Why is Pamela Anderson Not Allowed to Age?

Side-by-side portraits of two women: one with long, blonde, wavy hair and glamorous makeup, and the other with a short, straight blonde bob, natural makeup, and wearing a sparkly top.
Pamela Anderson. Photos by Francis Specker / Alamy (left) and Credit: Doug Peters / Alamy (right).

We have all seen the online drama and hate that has been thrown at the recent photographs of Pamela Anderson, age 57. This Canadian-American actress, model, and media personality has been the center of attention for nearly four decades.

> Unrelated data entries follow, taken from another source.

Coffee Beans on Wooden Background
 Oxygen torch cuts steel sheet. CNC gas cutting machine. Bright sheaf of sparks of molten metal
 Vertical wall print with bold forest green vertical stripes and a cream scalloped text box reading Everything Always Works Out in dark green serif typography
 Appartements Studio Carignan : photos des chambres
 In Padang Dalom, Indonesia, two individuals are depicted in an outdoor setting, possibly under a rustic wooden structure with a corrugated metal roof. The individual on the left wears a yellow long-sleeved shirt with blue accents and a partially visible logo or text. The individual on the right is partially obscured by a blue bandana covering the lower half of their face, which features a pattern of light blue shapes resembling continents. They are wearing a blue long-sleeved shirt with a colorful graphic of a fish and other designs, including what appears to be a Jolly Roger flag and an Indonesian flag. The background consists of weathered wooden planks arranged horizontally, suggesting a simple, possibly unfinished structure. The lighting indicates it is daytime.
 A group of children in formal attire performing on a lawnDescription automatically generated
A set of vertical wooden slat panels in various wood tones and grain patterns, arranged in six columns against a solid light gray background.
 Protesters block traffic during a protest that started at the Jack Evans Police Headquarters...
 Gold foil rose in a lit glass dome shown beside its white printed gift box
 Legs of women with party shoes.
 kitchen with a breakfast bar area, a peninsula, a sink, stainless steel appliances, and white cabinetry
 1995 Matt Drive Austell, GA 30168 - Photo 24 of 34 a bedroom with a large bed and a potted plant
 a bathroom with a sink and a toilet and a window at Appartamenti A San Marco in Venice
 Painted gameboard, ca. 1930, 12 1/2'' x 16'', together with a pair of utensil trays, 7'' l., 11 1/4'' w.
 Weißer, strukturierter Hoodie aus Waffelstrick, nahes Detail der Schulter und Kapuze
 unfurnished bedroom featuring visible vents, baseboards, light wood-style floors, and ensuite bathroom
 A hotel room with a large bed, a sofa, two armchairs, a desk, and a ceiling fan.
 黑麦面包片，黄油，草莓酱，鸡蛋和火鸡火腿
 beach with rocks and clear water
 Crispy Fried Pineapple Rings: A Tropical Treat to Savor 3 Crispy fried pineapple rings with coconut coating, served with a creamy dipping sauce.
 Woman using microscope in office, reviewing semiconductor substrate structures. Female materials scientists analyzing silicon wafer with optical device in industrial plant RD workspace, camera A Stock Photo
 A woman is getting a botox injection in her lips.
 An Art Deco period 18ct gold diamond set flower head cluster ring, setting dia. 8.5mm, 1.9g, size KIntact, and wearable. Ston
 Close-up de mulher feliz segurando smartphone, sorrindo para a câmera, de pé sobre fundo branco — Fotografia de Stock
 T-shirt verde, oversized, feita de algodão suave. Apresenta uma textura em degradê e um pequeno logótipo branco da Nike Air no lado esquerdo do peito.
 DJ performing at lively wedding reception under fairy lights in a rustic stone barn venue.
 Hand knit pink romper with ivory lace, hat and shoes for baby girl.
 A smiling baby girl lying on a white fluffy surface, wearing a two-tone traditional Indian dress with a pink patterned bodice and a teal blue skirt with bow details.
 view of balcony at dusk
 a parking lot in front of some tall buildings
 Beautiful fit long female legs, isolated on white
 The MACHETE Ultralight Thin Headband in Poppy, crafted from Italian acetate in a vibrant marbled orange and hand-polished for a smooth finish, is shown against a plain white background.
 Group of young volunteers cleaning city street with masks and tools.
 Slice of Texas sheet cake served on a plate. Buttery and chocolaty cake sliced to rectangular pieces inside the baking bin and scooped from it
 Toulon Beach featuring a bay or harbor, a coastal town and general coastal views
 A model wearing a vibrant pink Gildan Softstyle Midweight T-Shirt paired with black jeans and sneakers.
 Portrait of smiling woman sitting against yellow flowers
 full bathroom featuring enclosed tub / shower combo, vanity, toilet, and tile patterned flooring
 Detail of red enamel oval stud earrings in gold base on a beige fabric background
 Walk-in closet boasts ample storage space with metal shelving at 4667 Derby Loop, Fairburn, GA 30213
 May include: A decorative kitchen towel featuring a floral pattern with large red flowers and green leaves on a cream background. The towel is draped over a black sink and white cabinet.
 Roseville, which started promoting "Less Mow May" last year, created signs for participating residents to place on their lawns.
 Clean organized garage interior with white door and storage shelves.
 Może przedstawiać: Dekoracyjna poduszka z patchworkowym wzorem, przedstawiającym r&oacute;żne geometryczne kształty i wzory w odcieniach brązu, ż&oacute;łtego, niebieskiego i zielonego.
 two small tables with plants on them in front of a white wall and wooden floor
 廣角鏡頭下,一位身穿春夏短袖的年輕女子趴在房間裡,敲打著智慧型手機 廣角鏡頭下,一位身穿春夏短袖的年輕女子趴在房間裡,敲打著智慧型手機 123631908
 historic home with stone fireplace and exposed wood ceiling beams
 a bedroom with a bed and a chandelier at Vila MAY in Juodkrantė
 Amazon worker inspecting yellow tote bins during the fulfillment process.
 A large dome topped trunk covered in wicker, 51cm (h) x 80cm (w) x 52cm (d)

She was in Playboy in 1989 and soon skyrocketed to stardom on the hit T.V. show Home Improvement in 1991. Her role was Lisa the “Tool Time Girl”, the attractive and witty assistant to Tim “The Toolman” Taylor. She quickly became a fan favorite and a significant part of the show’s success. She went on to marry Tommy Lee, the notorious drummer from Motley Crue which included a leaked sex tape. A role on “Bay Watch” finally solidified her identity as a perpetual blonde bombshell with her fans and society at large. But is she not more than that?

Let’s admit it, none of us know Pamela personally. So, we use video and mostly photographs to see her as she ages.

A man in a red hat and striped shirt stands next to a woman in a purple top with long blonde hair. They are smiling and posing together at an event in front of a beige curtain.
Pamela Anderson and Tommy Lee. Photo: AFF / Alamy.

This article really is about the tale of photographs and the perceived acceptance or non-acceptance that women, like every human, age with time. How have we gotten here?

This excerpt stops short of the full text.